My current job search has been the longest and most difficult of my career (5 months so far). Caveats:
- I’m only applying with climate tech companies
- I’m trying to transition back to engineering after a detour into product
- I’m trying to pivot into more hardware-focused roles
Most companies I apply to don’t respond at all, and I’ve had about 6 phone screens, two technical interviews, and one “we’d love to hire you once we get the funding for this position sometime in June”.
So from my perspective, the job market is awful, but YMMV.
P.S. if you’re working on any clean energy related software, I’d be a great addition to your team — https://matthewgerring.com
Having just been on the job market, my experience was that career pivots are much harder now. I initially intended to transition to a neighboring field after an education break - but none of the companies in that field would speak to me. At most I had a recruiter call with one who decided to reject. To complete this transition I had been planning on a massive pay cut.
When I focused on areas I had some more credible experience in, I got significantly better engagement and eventually found a very narrow niche where I had substantial success.
I think we're partially adjusting to a world where employers expect a very narrow experience match to their role. Employers are also paying a premium within that narrow match.
How was your detour into product? What kind of skills/instincts you developed being in product? I always imagined it being kind of freeing -- leaving behind engineering implementation details and thinking more in terms of the final results.
A lot more of my time was spent fighting to keep the resources I needed to execute my roadmap than I liked. I spent waaaaay too much time explaining why my product area, which covered business critical data and internal processes, was worth funding to an audience that didn’t understand what I did, and by extension, did not really understand their own business.
When it’s ideation from customer interviews with a designer and an engineering manager, it’s fantastic.

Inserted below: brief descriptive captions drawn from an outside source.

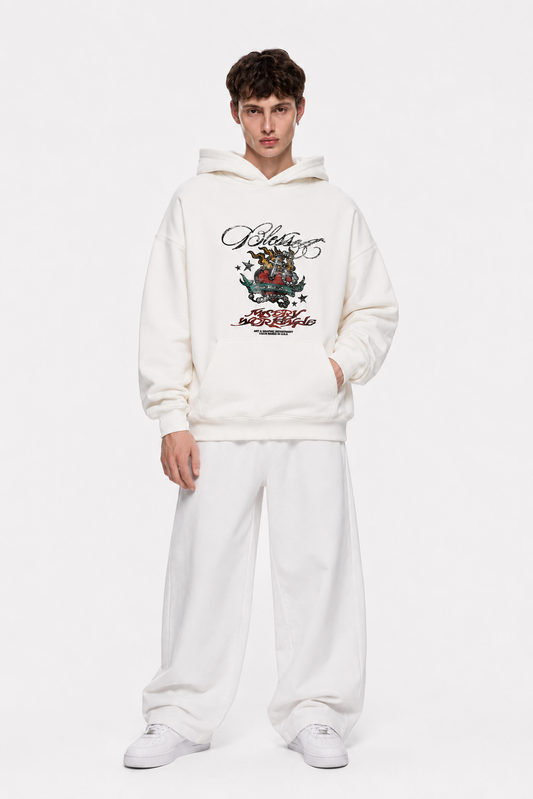 Blessed Flame Hoodie White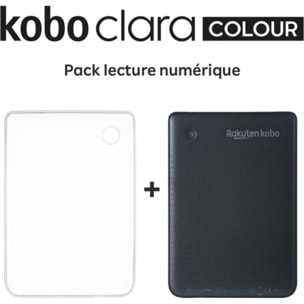 Liseuse eBook KOBO Pack Clara Colour + Cover Transparente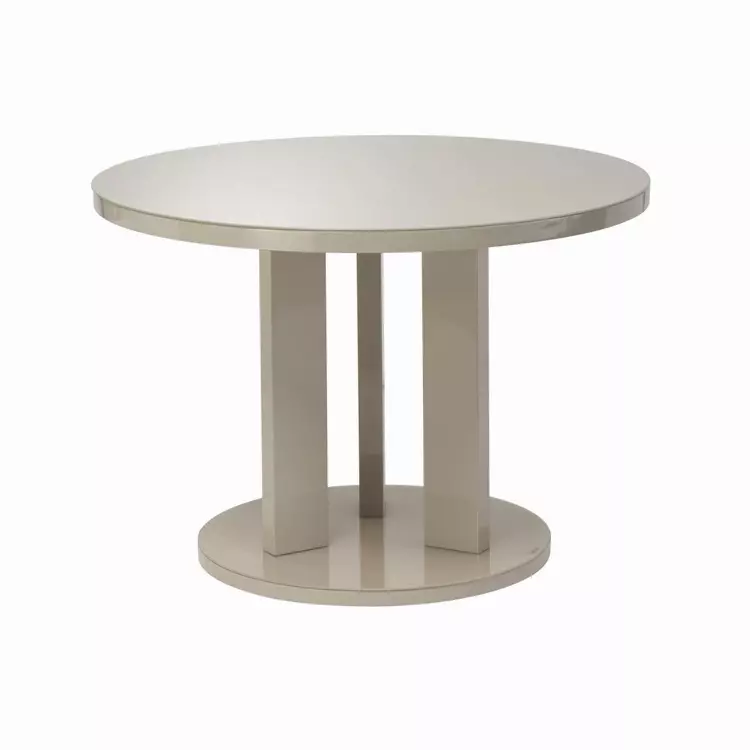 Glass Gloss Round Dining Table, White Gloss Round Dining Table And Chairs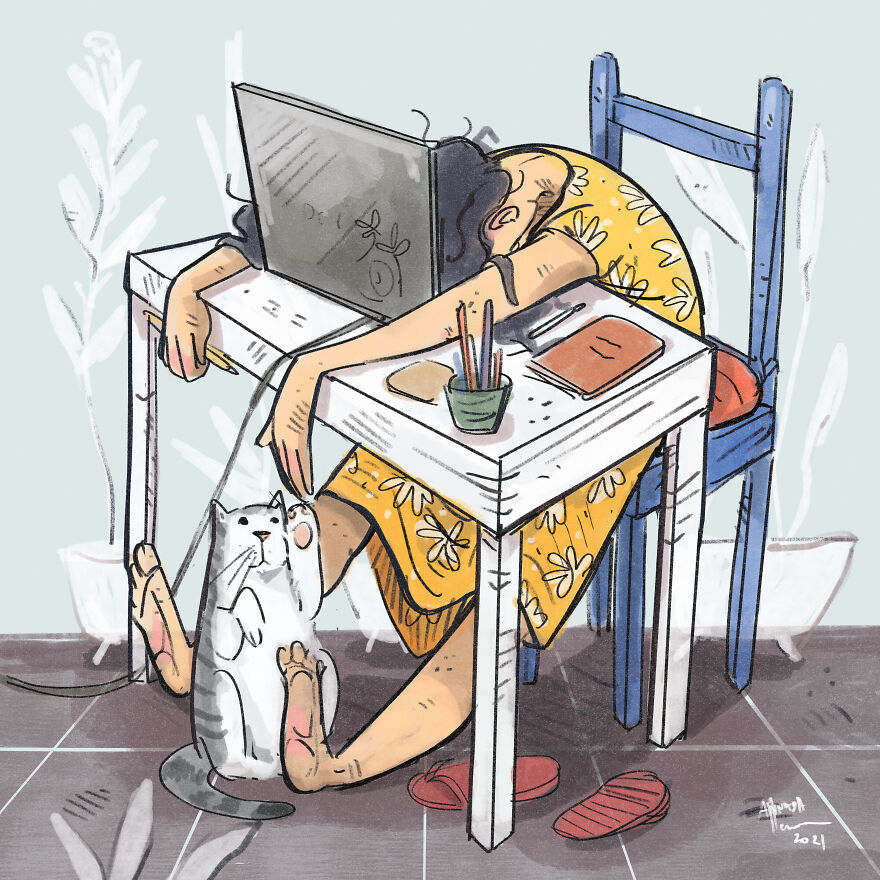 A 5 Minute Break At The Work Desk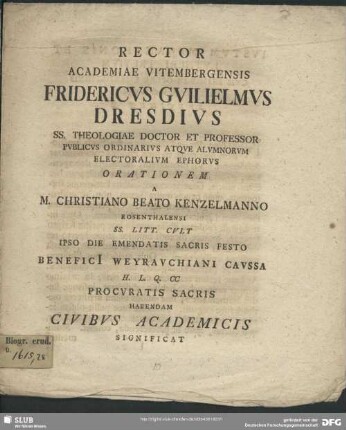 10: Ivstvm Melanthonis Ac Lvtheri Pretivm Cvm Primis In Opere Emendationis Sacrorvm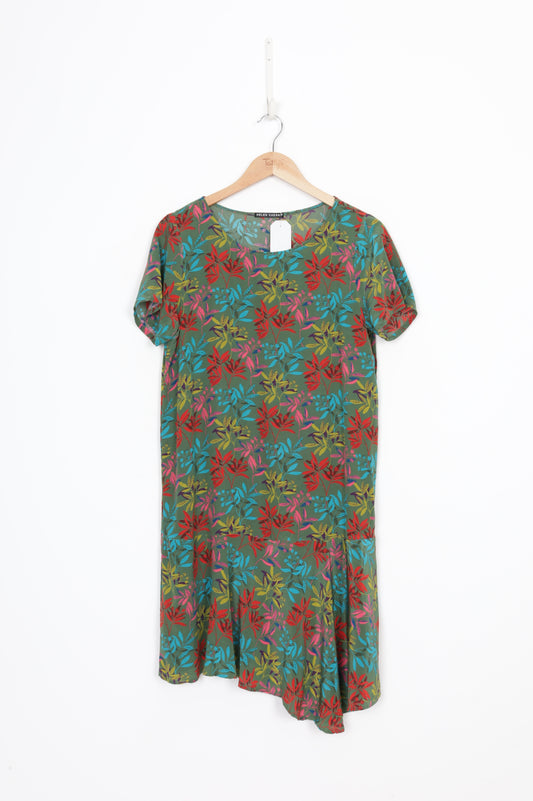 Helen Cherry Womens Green Dress Size 12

I like solving problems and I don’t really care about the specific technical approach, so that’s where I want to be. However I will happily write the code (or review it, or just wrote specs or whatever it is we do now since December 2025) if there’s no one else around to do it.
Be sure to talk with and apply at https://charmindustrial.com/ I dont have an in / network I can share with you, but Peter was a great person to work for :)
can you talk about the art installation section of your resume? it sounds really cool. how did you get into this niche and found projects? and is this kind of work not suitable as full-time freelance work?
Started with attending Burning Man starting about 12 years ago. Got jealous of my friends who were doing “real” engineering on these kinds of projects, and started volunteering, applying for and winning art grants, meeting other artists, and climbing the skill ladder.
If you attended Burning Man in 2019, Climate Week in SF in 2023, or Verge in San Jose in 2024, you may have seen my project Awful’s Gas & Snack. I also worked on the Love Blocks and the Jacks at the Conservatory of Flowers in SF (among many other projects).
I now run a small art fabrication business that just barely makes my studio rent most of the time, and is currently supplementing unemployment to pay my bills. It’s really, really hard to turn this kind of work into a livelihood, but it’s happening by necessity because I have no other work right now.
It’s also given me legitimate hardware experience — I’ve written code from scratch in Arduino and written modifications and extensions to WLED, and built custom controllers, remote sensor devices, and power systems (solar and batteries, relevant to the clean energy field). But I don’t quite know how to present this work as “legitimate”, even the stuff I’ve done as a full-fledged professional (like the work I did at Urban Putt San Jose, which you should definitely go see, it’s fun!)
I suspect the third criteria might be the hardest.
In my experience HW companies are rarely interested software engineers from other, non-related domains unless they’re hiring a team to do web interface or something.
- I’m only applying with climate tech companies
- I’m trying to transition back to engineering after a detour into product
- I’m trying to pivot into more hardware-focused roles
Most companies I apply to don’t respond at all, and I’ve had about 6 phone screens, two technical interviews, and one “we’d love to hire you once we get the funding for this position sometime in June”.
So from my perspective, the job market is awful, but YMMV.